INFORMATION SHOWN
* * * * *

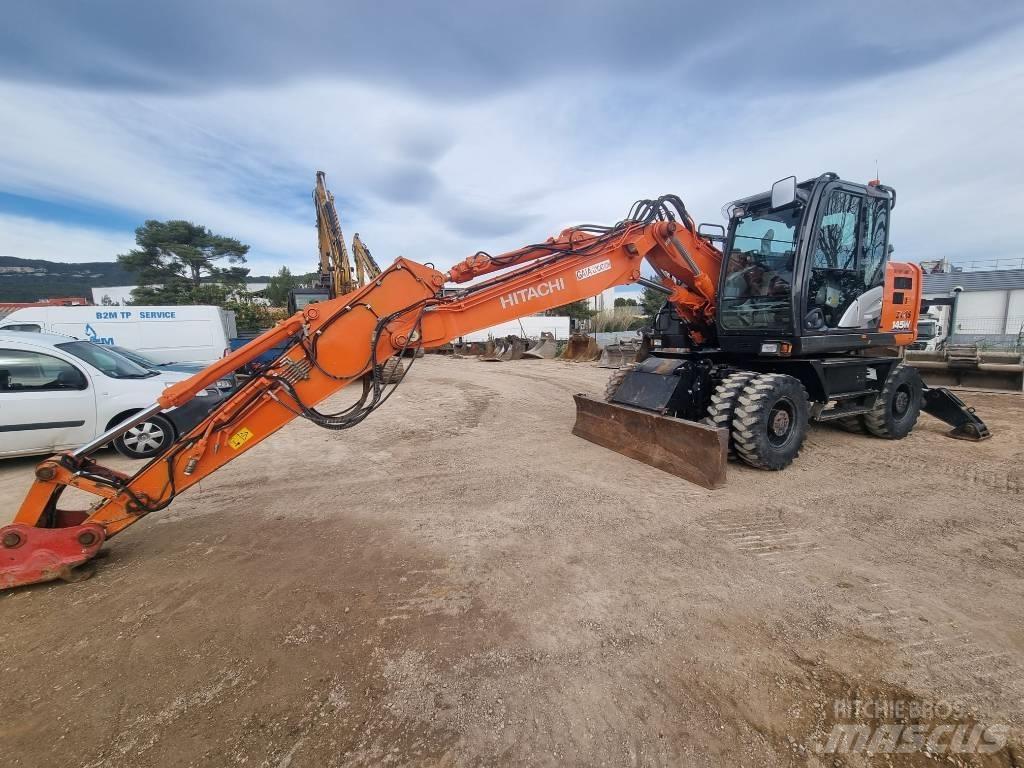 Hitachi ZX145W Bagri na kolesih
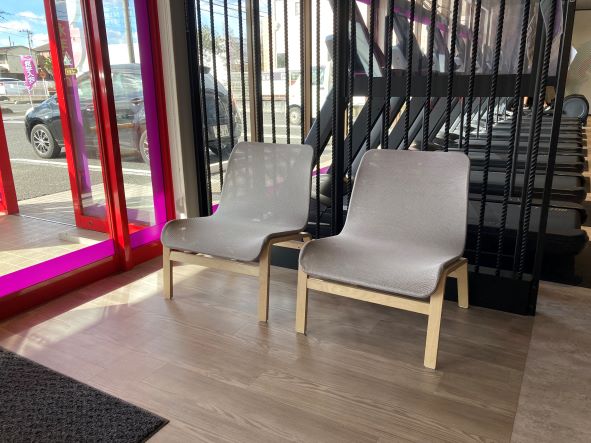 エニタイムフィットネス 鶴ヶ島一本松店:ゲストロビー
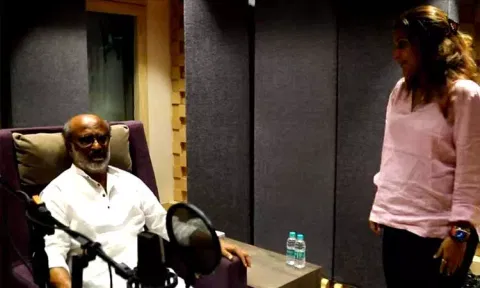 'லால் சலாம்' படத்தின் டப்பிங் பணிகளை நிறைவு செய்த ரஜினிகாந்த்..!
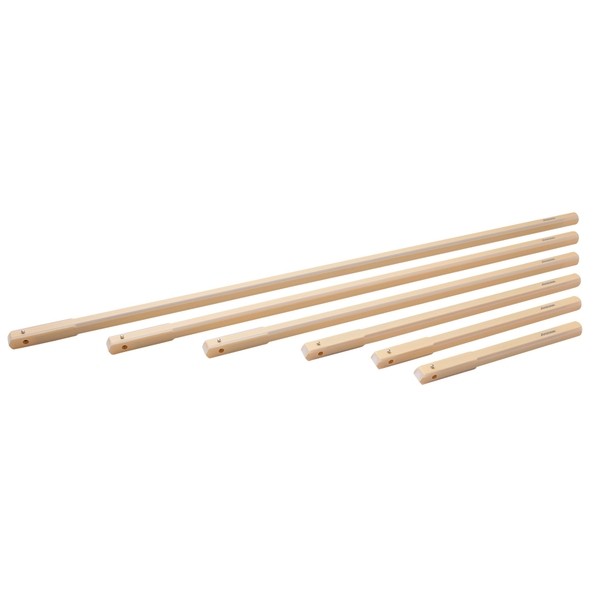 エムテートリマツ KP120抗菌角柄（一うしろ押し式）1200粍 050147006 1個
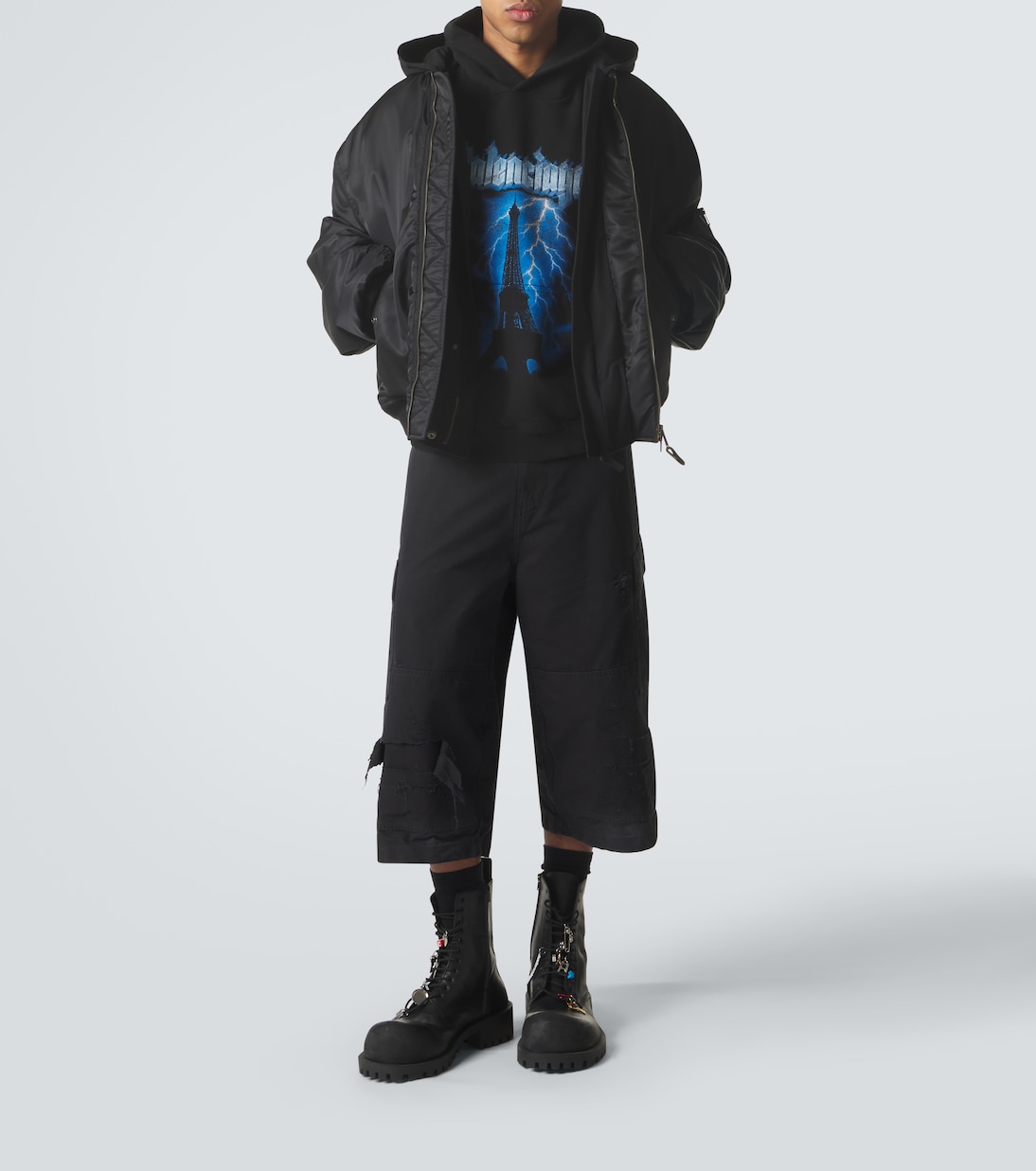 Kapuzenjacke | Balenciaga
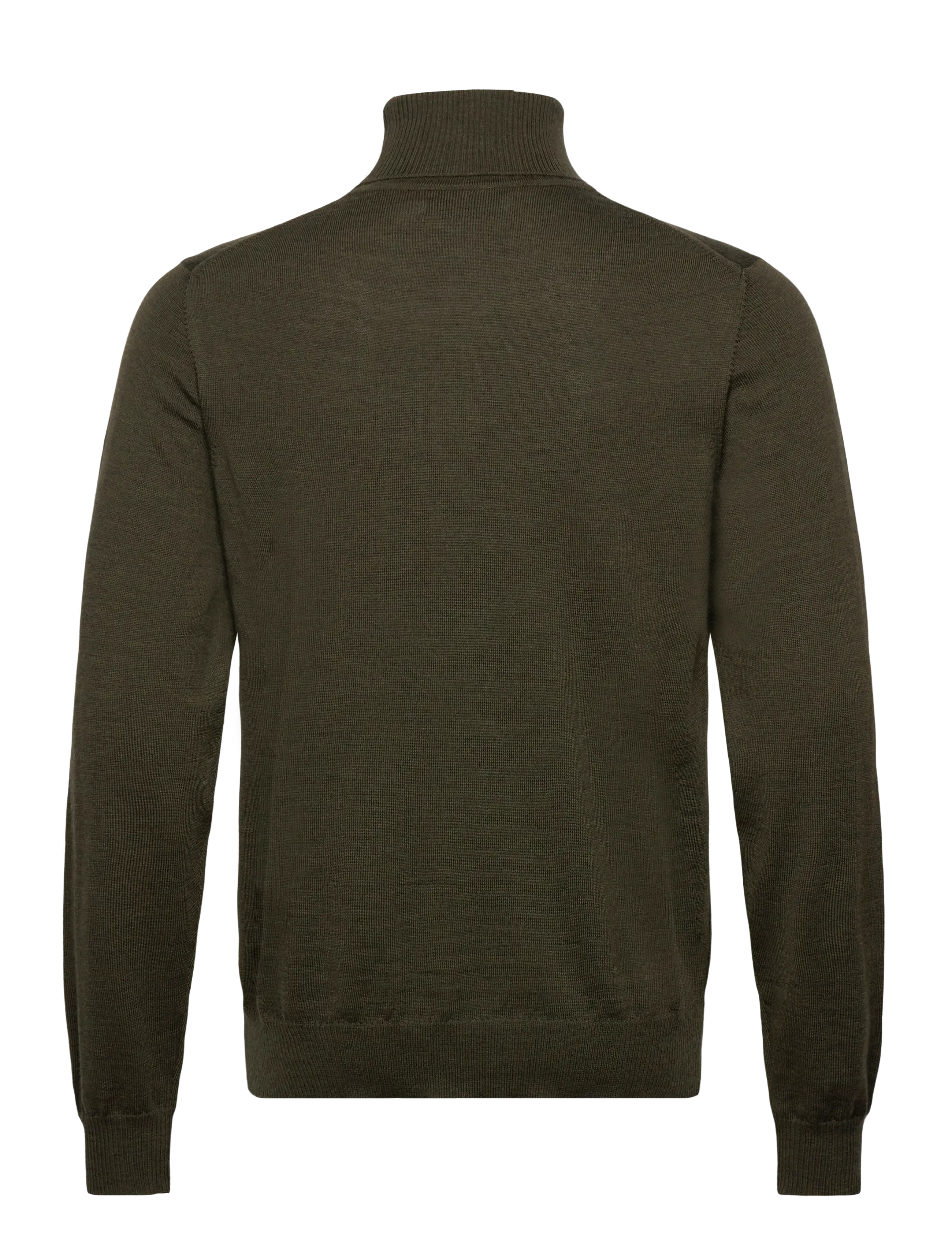 J. Lindeberg - Kaden Merino Turtle Neck - džemperi ar augstu apkakli - forest green melange - 2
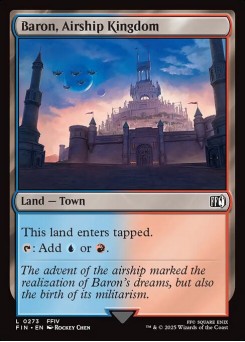 Baron, Airship Kingdom
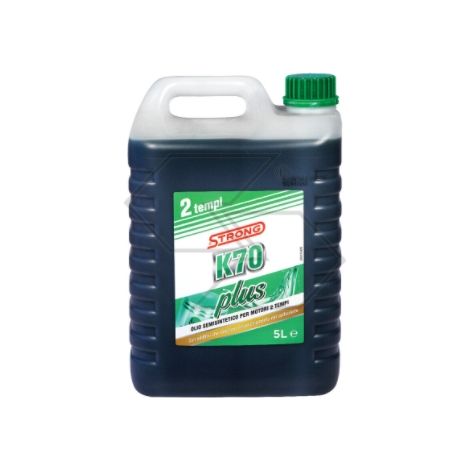 Strong K70 Plus halbsynthetisches Mischöl für 2-Takt-Kettensägenmotor 5 Liter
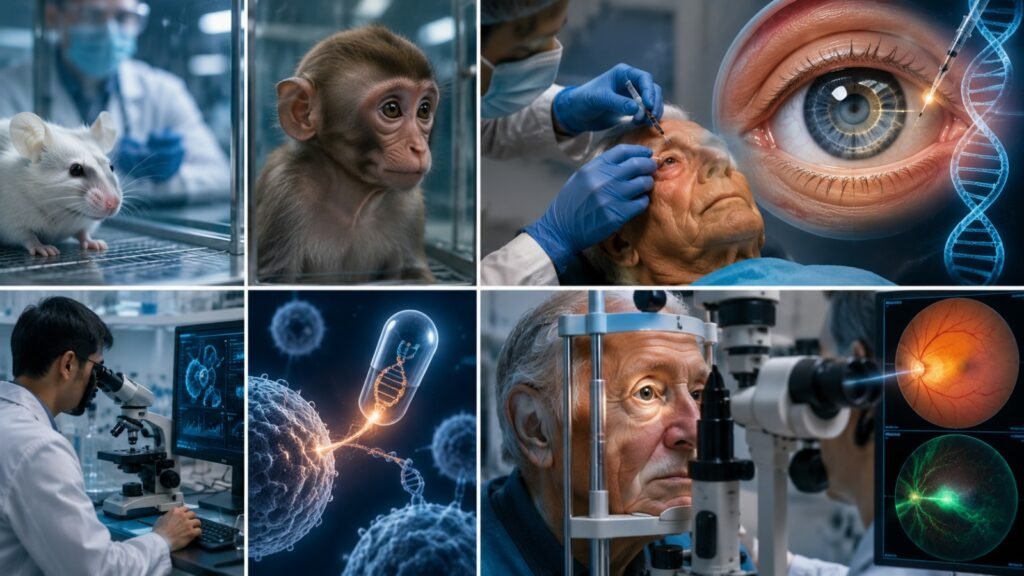 First Reverse Aging Drug Human Trial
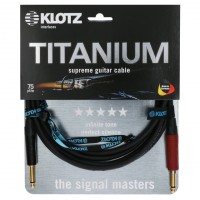 KLOTZ CABLE TITANIUM JACK/JACK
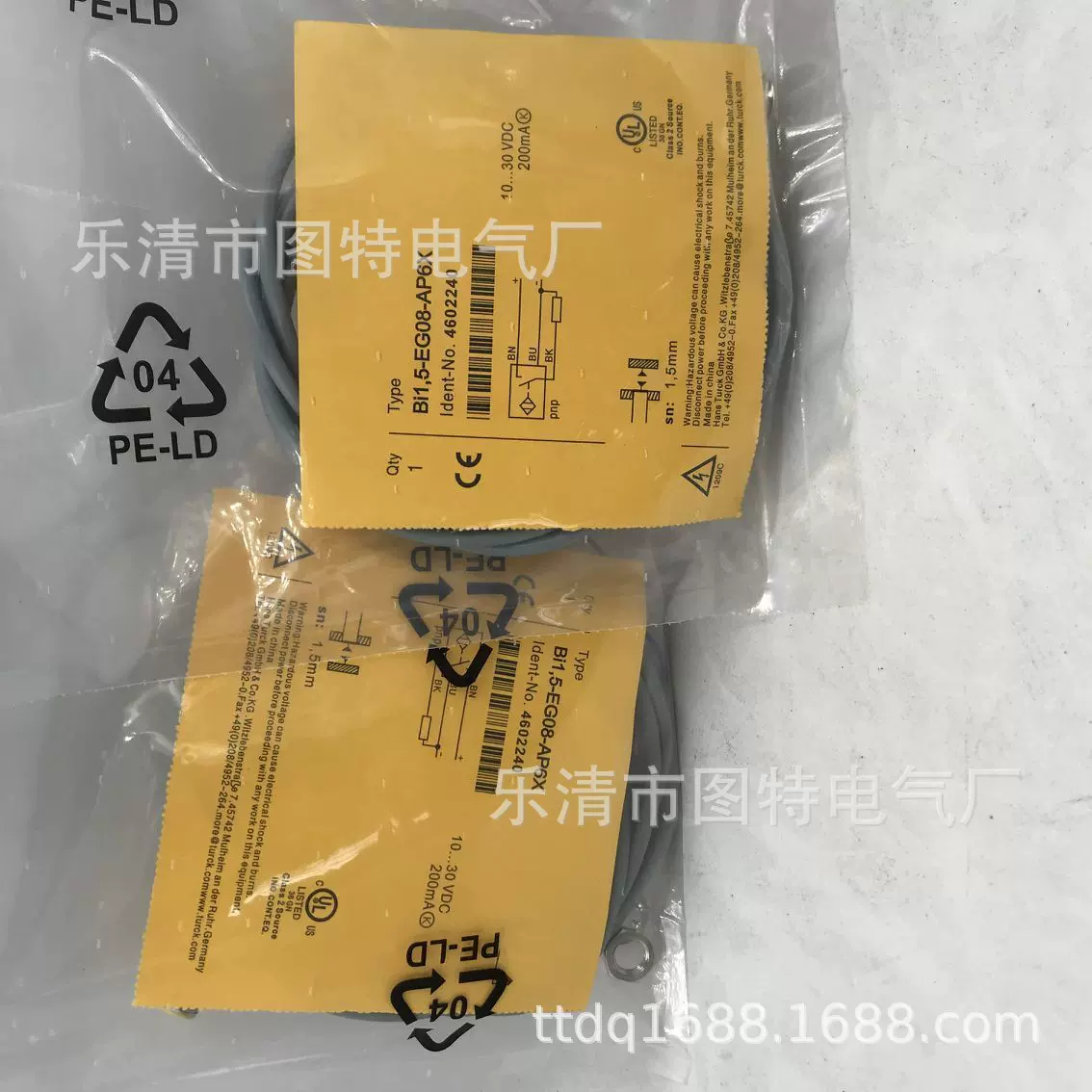 销售 耐高温 全新接近开关 NI10-G18-AZ3X/S90质保一年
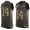 Eagles #14 Kenneth Gainwell Green Men's Stitched NFL Limited Salute To Service Tank Top Jersey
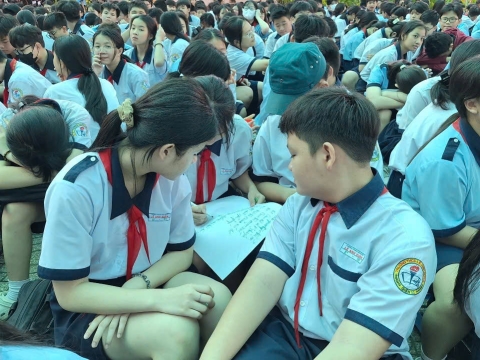 CHUYÊN ĐỀ KỸ NĂNG SỐNG - TRƯỜNG THCS LÊ ANH XUÂN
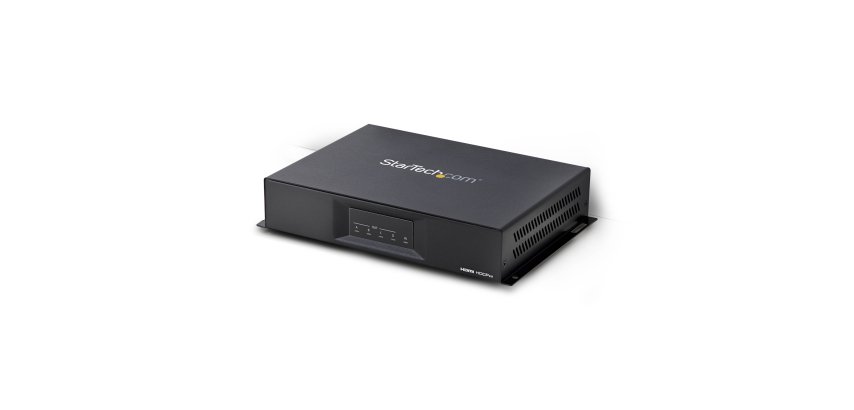 StarTech.com Contrôleur mur vidéo 2x2 - 1 entrée, 4 sorties - 4K 60 Hz - HDMI 2.0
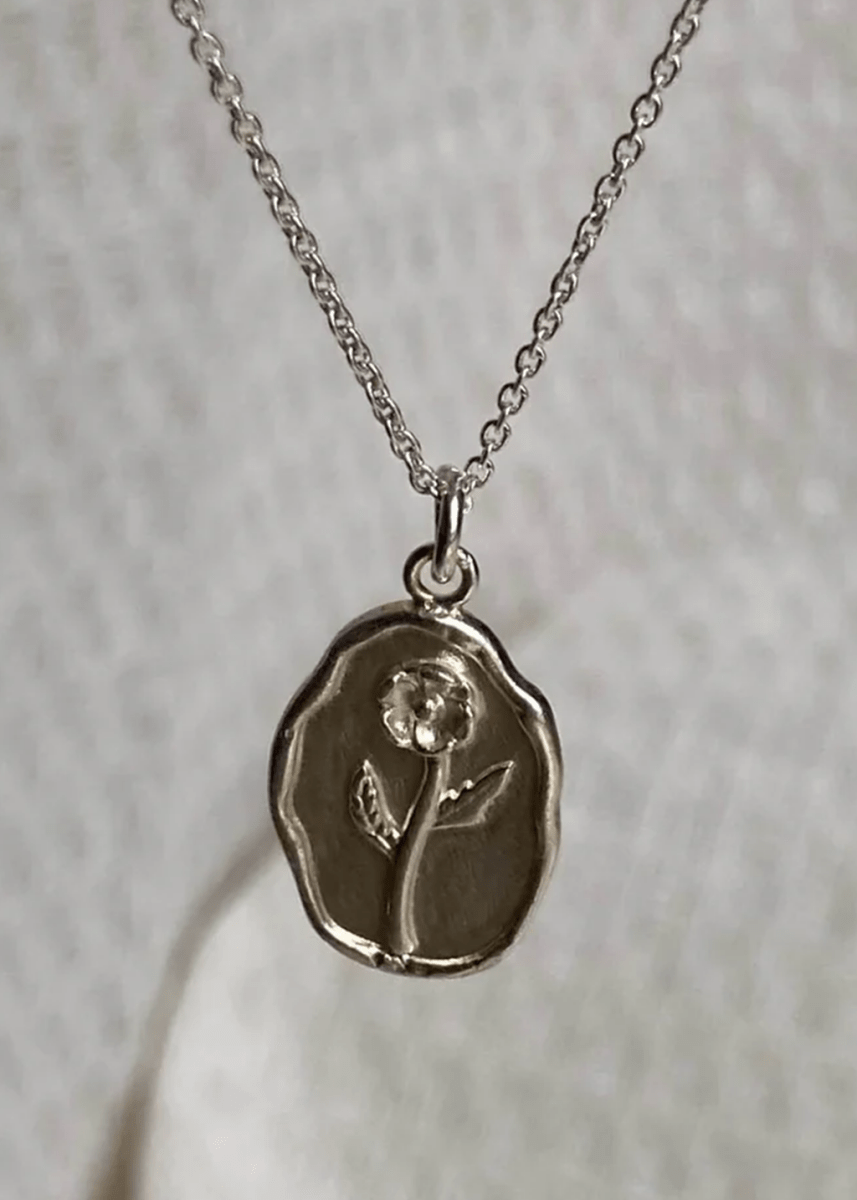 Collier Fleur Mois de Naissance Studio Chiaroscuro - Ex - voto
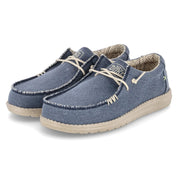 Mokassins WALLY BRAIDED  Blau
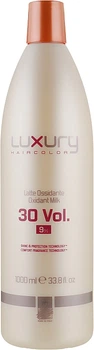 Молочний Оксидант - Green Light Luxury Haircolor Oxidant Milk 9% 30 vol. 1000ml (84189-121498)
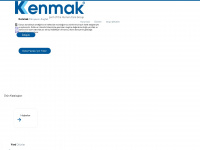 kenmak.com.tr Webseite Vorschau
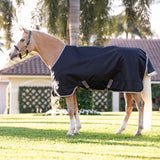Horseware Ireland Amigo 1200D Pony 250g Turnout Rug  #colour_black-titanium-grey-silver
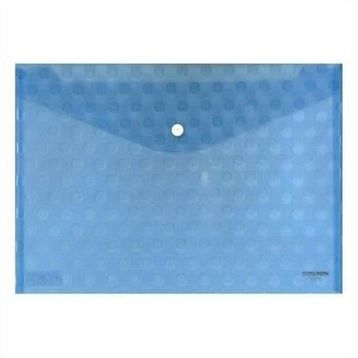 Databank 105-10 Mavi Puanlı A4 Zarf Dosya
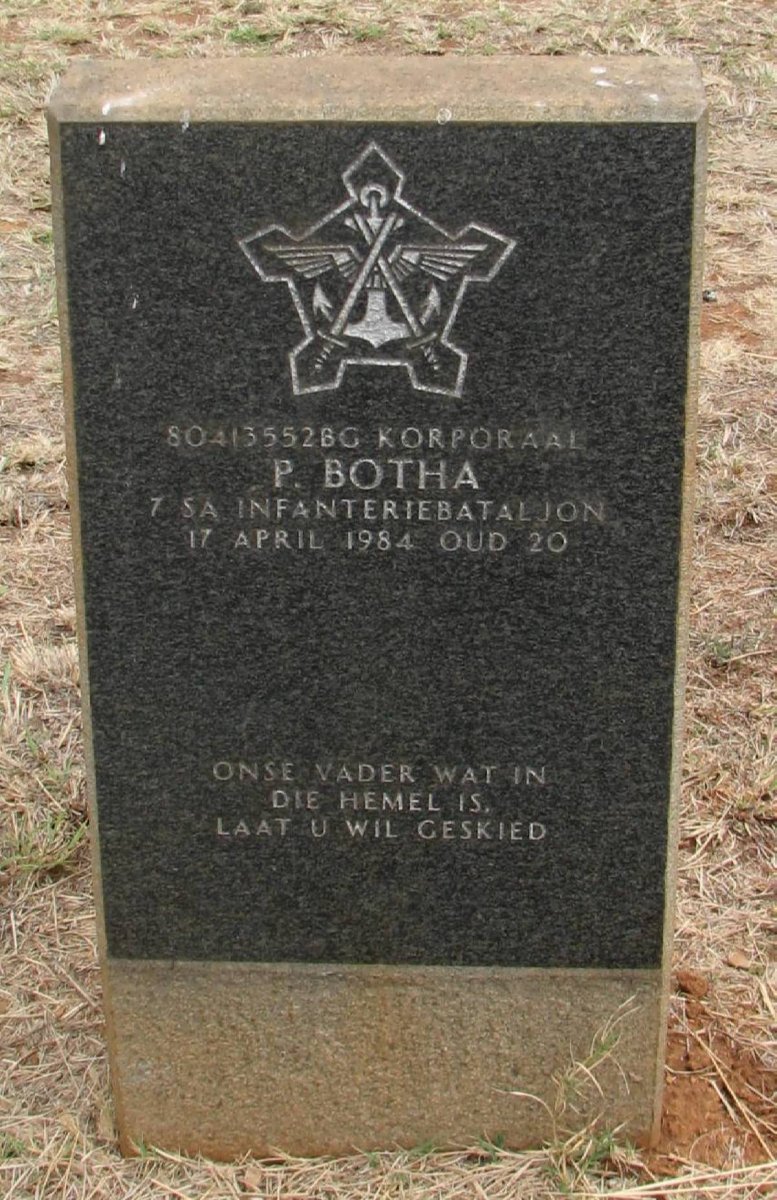 BOTHA P. -1984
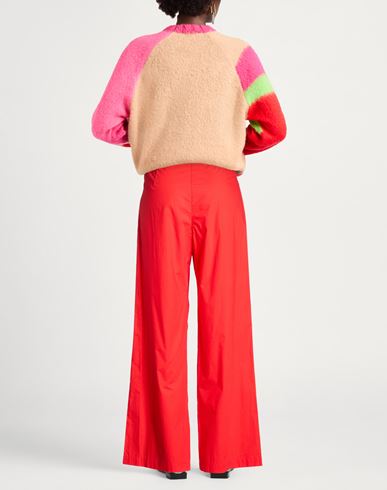 Momoní Woman Pants Red Size 4 Cotton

* * * * *

WHAT TO DO
Only the pictures may be dropped when you copy the data above; everything else stays exact.

TASK ANSWER
 Hitachi ZX145W Bagri na kolesih
 エニタイムフィットネス 鶴ヶ島一本松店:ゲストロビー
 'லால் சலாம்' படத்தின் டப்பிங் பணிகளை நிறைவு செய்த ரஜினிகாந்த்..!
 エムテートリマツ KP120抗菌角柄（一うしろ押し式）1200粍 050147006 1個
 Kapuzenjacke | Balenciaga
 J. Lindeberg - Kaden Merino Turtle Neck - džemperi ar augstu apkakli - forest green melange - 2
 Baron, Airship Kingdom
 Strong K70 Plus halbsynthetisches Mischöl für 2-Takt-Kettensägenmotor 5 Liter
 First Reverse Aging Drug Human Trial
 KLOTZ CABLE TITANIUM JACK/JACK
 销售 耐高温 全新接近开关 NI10-G18-AZ3X/S90质保一年
 Eagles #14 Kenneth Gainwell Green Men's Stitched NFL Limited Salute To Service Tank Top Jersey
 CHUYÊN ĐỀ KỸ NĂNG SỐNG - TRƯỜNG THCS LÊ ANH XUÂN
 StarTech.com Contrôleur mur vidéo 2x2 - 1 entrée, 4 sorties - 4K 60 Hz - HDMI 2.0
 Collier Fleur Mois de Naissance Studio Chiaroscuro - Ex - voto
 Mokassins WALLY BRAIDED  Blau
 Молочний Оксидант - Green Light Luxury Haircolor Oxidant Milk 9% 30 vol. 1000ml (84189-121498)
 kenmak.com.tr Webseite Vorschau
Horseware Ireland Amigo 1200D Pony 250g Turnout Rug  #colour_black-titanium-grey-silver
 Databank 105-10 Mavi Puanlı A4 Zarf Dosya
 BOTHA P. -1984
 Momoní Woman Pants Red Size 4 Cotton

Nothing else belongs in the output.